While art is certainly a form of self-expression, artistic communities tend to gravitate towards styles that fit within the popular pallet. Yet it is those fearless in their dissension that make the deepest mark. It is with that familiarity of the unknown that Tjutjuna have settled in a sound that is both rich in texture, and aural dynamics as well as retaining a respect for the listenerʼs patience. Delicate in both their attack and release, Tjutjunaʼs debut and self-titled album offers listeners moments of discreet levity before striking with fangs.

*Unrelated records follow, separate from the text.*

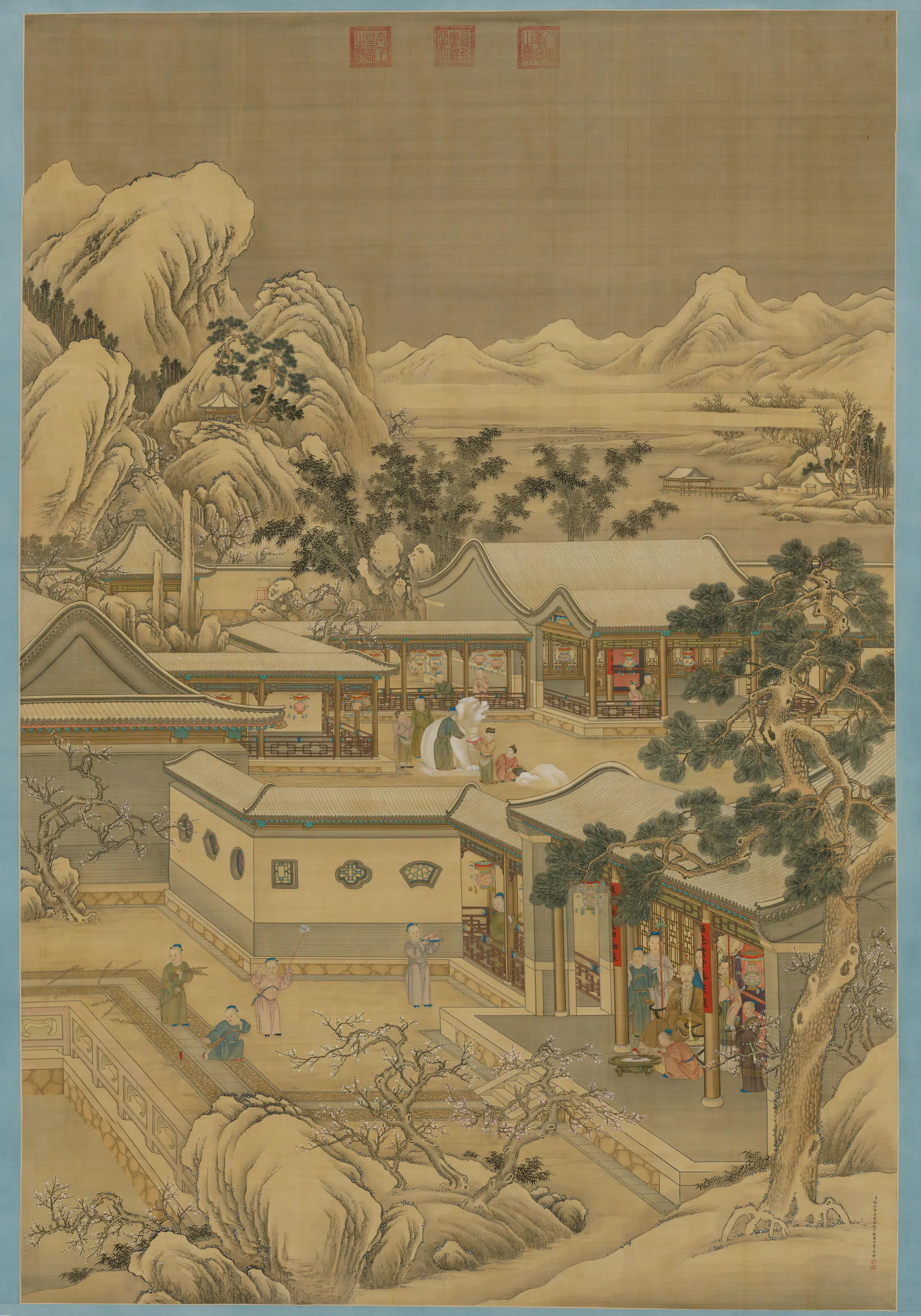 清代【郎世宁】《乾隆帝岁朝行乐图轴》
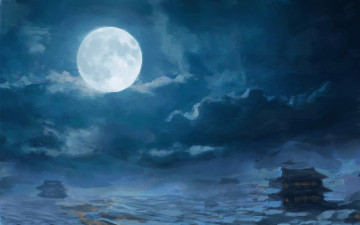 Картинка луна рисованные живопись ночь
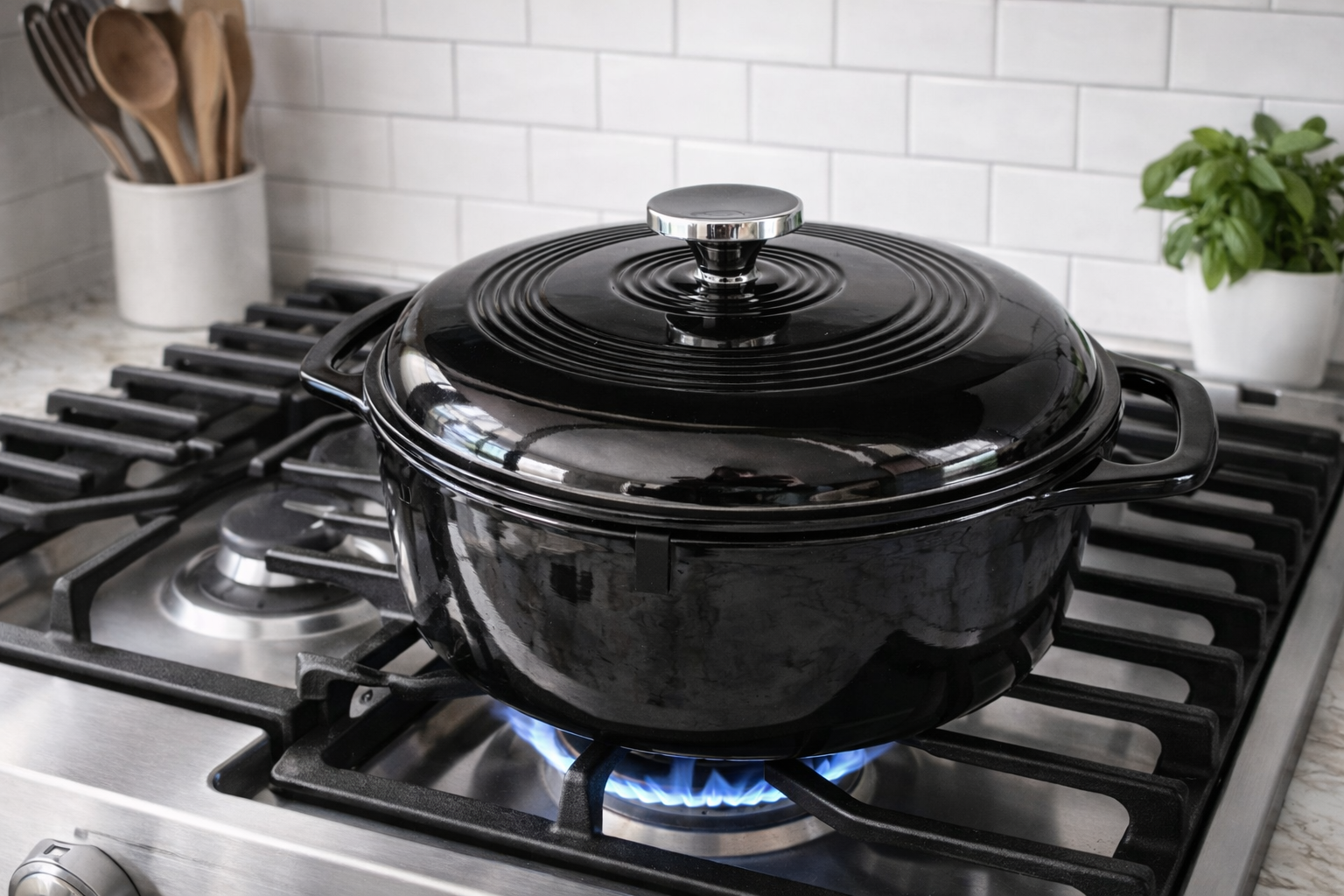Black enameled cast iron Dutch oven sitting on a gas stovetop with a blue flame underneath.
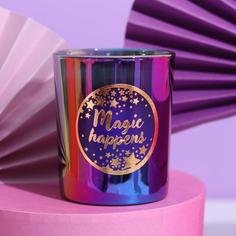 Свеча в стакане "Magic happens", аромат цветочный No Brand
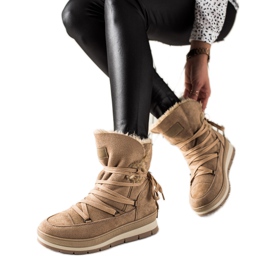 TRENDI Brązowe Śniegowce Z Zamszu beżowy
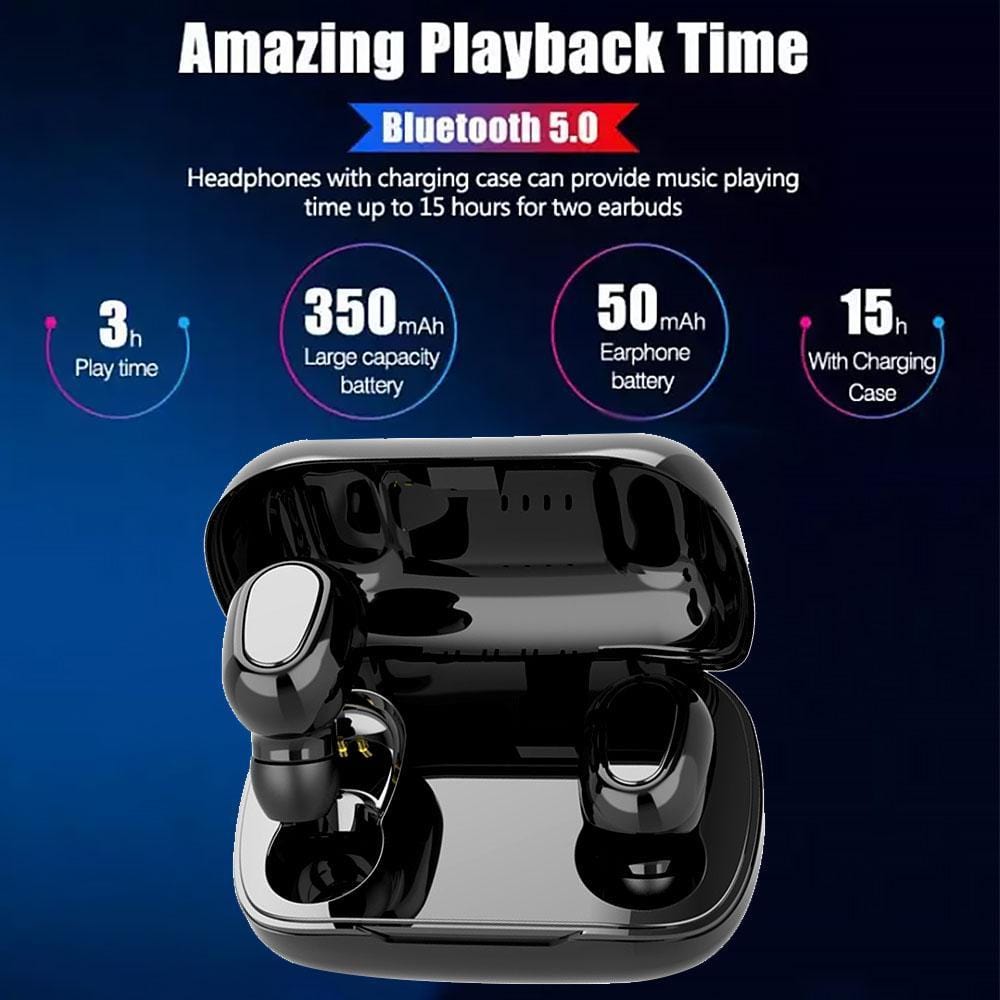 Ultra Bass Studio Quality Long Battery Life Earbuds With Phone Charging Docking Station & Call Functionality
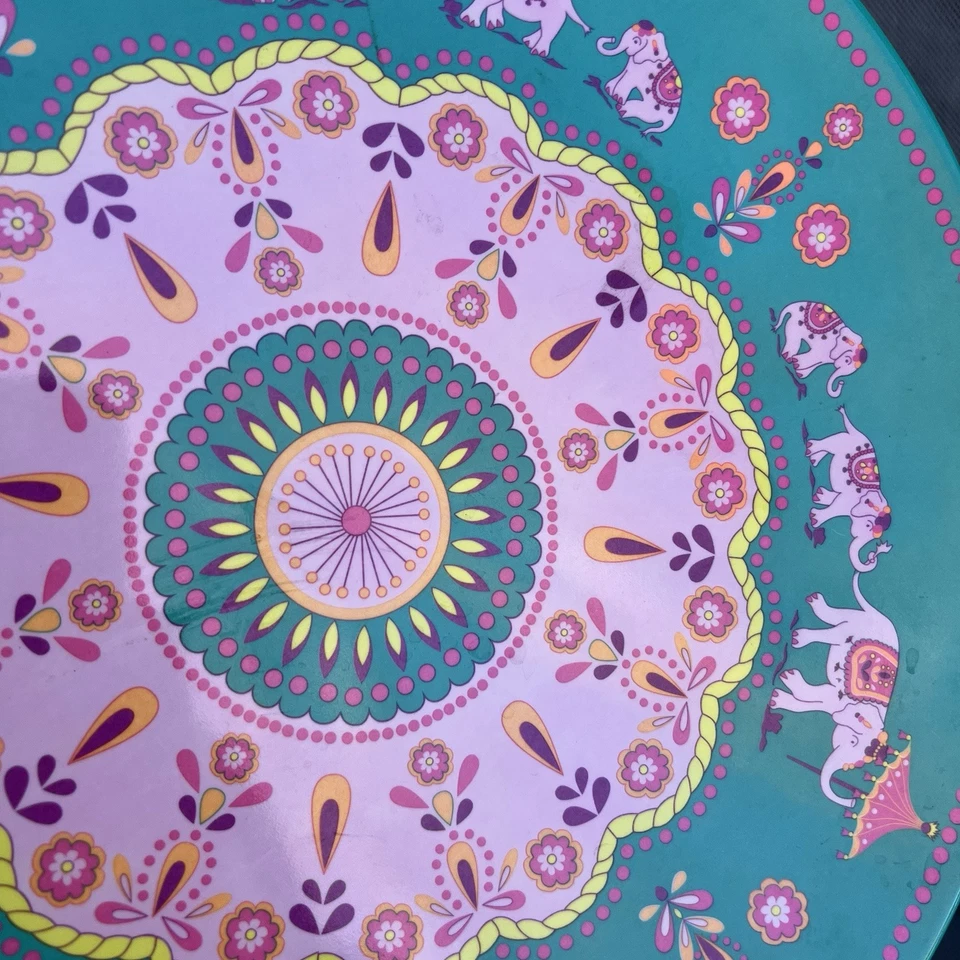 "Juego de 2 platos de circo Kim Seybert 212 azul rosa elefante 14""" Foto 4 de 4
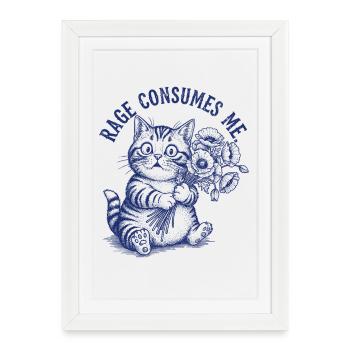 Rage Cat: Furious Feline - Framed poster (27 × 37 cm) - white - Front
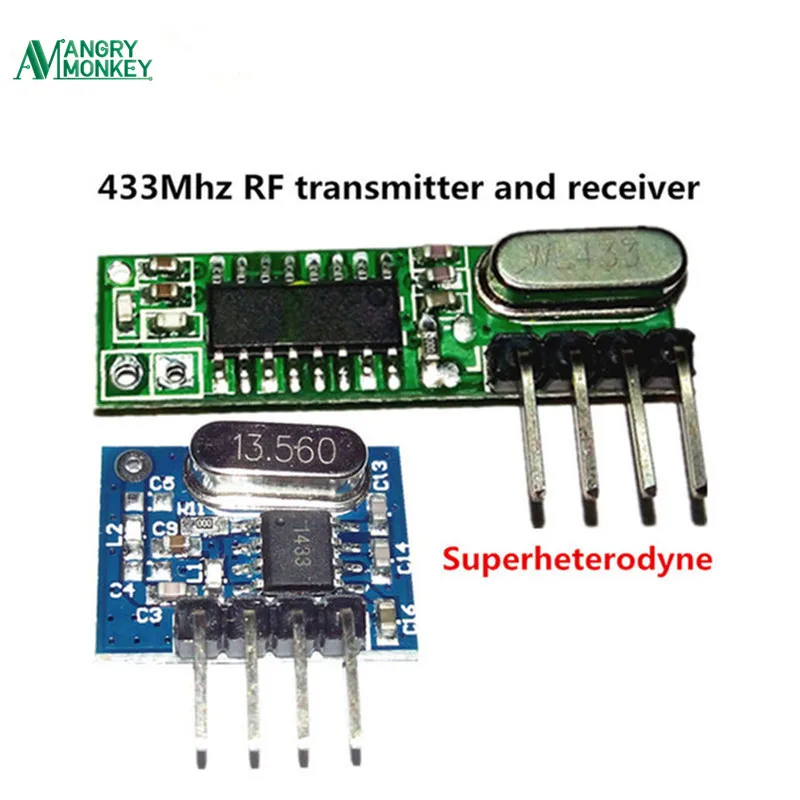 

1 Set superheterodyne 433Mhz RF transmitter and receiver Module kit small size For Arduino uno Diy kits 433 mhz Remote controls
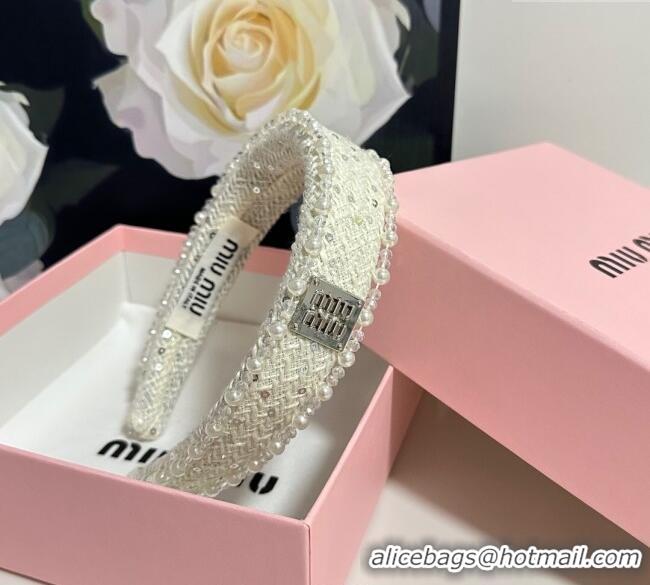 Buy Fashionable Miu Miu Pearls Headband MM111252 White 2025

Unwilling to merely satisfy the sonic trajectory which would label their sound as “psych rock”, Tjutjuna proves that in the recesses of a landlocked music scene, four childhood friends can craft something that forces us, as listeners, to demand more from our own tastes and imaginations.
“On Westerner, Tjutjuna’s latest album, it seems as though the band is creating the musical equivalent of a moving sculpture crafted to give the semblance of life. “Mousetrap” is like a psychedelicized Neu! song, but with uncoiling whorls of bright drones and tones, while the pounding, pulsating rhythm of “Heavy Metal Dick” feels like a part of some cunning inside joke. The haunting, ethereal repetition of “Montauk,” meanwhile — particularly the urgent tone near the end — captures an unending sense of isolation. That tune, combined with “Desert Song” and the Aphex Twin-like “Oneironaut,” reveals a band that’s reveling on the outer edges of drone, exploring its possibilities through psychedelic rock freakouts while also absorbing the hypnotic, psychologically healing qualities of ambient music.” – Tom Murphy, Denver Westword
Careening from desert ghost songs to crashing super-fuzz riffs, live shows take on the pulsing communal sweat of a round-the-fire dance rite; albums the feel of ancient alien radio. This intimately pounding brand of garage soul is dirty, sloppy and sexy.